### Your goal
Check each line of the listing for the word "rekursif" and report the ones that have it.
------ Available data ------
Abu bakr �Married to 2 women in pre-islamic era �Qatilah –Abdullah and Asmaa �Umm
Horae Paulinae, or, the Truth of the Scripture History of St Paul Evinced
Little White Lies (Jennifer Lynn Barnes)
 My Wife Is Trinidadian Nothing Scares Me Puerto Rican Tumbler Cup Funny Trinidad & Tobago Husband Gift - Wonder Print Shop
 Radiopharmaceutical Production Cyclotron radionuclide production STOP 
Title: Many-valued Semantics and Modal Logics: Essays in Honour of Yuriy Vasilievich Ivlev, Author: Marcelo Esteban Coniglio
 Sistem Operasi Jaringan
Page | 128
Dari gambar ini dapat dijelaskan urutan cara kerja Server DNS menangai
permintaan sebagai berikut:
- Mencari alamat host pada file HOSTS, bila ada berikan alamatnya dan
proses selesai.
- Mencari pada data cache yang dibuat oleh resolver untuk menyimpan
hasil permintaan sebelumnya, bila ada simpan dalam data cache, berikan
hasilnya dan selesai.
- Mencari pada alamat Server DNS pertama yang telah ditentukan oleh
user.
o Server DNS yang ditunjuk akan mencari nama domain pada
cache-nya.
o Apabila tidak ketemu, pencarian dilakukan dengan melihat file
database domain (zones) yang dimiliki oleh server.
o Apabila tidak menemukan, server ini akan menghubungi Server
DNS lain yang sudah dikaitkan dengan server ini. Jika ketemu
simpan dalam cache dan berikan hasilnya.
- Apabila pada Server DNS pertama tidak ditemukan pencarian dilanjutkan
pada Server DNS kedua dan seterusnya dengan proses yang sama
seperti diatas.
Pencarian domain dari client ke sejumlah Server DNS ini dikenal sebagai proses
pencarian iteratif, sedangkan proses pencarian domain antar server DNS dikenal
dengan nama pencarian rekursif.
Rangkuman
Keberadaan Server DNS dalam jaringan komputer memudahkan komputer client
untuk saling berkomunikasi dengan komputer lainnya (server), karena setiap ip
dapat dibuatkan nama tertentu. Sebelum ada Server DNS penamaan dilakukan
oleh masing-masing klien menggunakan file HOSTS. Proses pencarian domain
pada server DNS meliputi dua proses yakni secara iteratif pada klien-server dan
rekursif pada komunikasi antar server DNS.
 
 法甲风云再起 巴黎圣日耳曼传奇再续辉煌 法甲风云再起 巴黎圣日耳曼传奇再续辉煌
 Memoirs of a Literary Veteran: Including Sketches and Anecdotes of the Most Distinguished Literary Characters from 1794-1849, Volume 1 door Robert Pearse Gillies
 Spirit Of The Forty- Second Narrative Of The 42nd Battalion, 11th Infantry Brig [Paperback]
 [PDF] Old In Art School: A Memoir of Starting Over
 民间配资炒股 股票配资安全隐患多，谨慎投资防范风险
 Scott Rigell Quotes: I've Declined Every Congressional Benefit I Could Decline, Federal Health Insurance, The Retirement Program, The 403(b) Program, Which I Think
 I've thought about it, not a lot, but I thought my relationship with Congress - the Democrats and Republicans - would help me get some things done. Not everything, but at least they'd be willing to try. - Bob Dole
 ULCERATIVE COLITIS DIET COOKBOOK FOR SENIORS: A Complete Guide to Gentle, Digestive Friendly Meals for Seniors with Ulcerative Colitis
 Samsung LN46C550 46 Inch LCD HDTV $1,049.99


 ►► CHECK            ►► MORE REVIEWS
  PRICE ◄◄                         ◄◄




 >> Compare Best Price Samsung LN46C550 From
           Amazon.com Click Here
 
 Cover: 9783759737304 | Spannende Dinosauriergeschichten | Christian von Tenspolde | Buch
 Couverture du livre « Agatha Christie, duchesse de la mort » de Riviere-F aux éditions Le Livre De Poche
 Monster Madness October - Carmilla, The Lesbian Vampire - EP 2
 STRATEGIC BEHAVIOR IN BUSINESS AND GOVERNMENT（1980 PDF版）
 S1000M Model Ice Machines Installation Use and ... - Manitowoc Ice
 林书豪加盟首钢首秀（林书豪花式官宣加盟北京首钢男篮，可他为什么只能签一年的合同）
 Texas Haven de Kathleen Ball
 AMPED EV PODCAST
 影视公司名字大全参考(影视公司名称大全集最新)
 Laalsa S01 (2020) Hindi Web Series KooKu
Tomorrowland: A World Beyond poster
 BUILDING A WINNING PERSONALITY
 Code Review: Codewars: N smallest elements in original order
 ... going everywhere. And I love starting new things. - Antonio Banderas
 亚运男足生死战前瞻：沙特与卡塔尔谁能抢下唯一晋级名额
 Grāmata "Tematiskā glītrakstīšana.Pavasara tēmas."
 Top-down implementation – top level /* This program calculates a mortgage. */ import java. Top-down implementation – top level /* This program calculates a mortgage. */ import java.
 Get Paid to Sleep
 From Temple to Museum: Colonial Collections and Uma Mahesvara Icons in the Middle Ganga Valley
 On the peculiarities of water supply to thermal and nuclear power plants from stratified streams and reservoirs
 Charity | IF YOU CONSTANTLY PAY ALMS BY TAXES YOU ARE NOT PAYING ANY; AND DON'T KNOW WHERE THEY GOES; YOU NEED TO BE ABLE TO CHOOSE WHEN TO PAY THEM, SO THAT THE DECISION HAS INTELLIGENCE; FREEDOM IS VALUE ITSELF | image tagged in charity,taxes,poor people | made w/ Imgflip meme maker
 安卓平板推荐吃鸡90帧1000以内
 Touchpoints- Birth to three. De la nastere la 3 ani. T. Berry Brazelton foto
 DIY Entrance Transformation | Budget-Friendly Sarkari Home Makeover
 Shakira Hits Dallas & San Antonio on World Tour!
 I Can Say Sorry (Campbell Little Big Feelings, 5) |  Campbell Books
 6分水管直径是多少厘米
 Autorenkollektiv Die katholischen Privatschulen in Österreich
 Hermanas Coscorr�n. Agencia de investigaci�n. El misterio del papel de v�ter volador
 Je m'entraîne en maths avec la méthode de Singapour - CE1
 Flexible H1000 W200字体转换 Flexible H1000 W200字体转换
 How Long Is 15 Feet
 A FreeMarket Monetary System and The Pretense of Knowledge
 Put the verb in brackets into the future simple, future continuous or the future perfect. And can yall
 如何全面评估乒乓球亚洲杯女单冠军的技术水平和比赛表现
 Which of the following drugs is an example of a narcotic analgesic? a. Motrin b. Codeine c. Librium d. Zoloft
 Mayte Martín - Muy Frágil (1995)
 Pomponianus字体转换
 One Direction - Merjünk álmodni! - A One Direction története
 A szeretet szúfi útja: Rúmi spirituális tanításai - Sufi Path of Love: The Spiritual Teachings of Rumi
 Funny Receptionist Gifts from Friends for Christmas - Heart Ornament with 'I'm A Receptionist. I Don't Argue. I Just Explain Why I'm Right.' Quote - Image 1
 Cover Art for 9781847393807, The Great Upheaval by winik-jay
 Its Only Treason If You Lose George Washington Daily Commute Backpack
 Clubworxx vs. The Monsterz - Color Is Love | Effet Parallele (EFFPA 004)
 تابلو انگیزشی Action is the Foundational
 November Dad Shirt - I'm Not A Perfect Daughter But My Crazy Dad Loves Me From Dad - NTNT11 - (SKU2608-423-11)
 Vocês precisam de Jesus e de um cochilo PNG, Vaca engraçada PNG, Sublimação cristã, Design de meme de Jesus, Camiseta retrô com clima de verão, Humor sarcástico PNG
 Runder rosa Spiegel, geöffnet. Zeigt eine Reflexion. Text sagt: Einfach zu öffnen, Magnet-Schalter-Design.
------
### Result of the task
dengan nama pencarian rekursif.
rekursif pada komunikasi antar server DNS.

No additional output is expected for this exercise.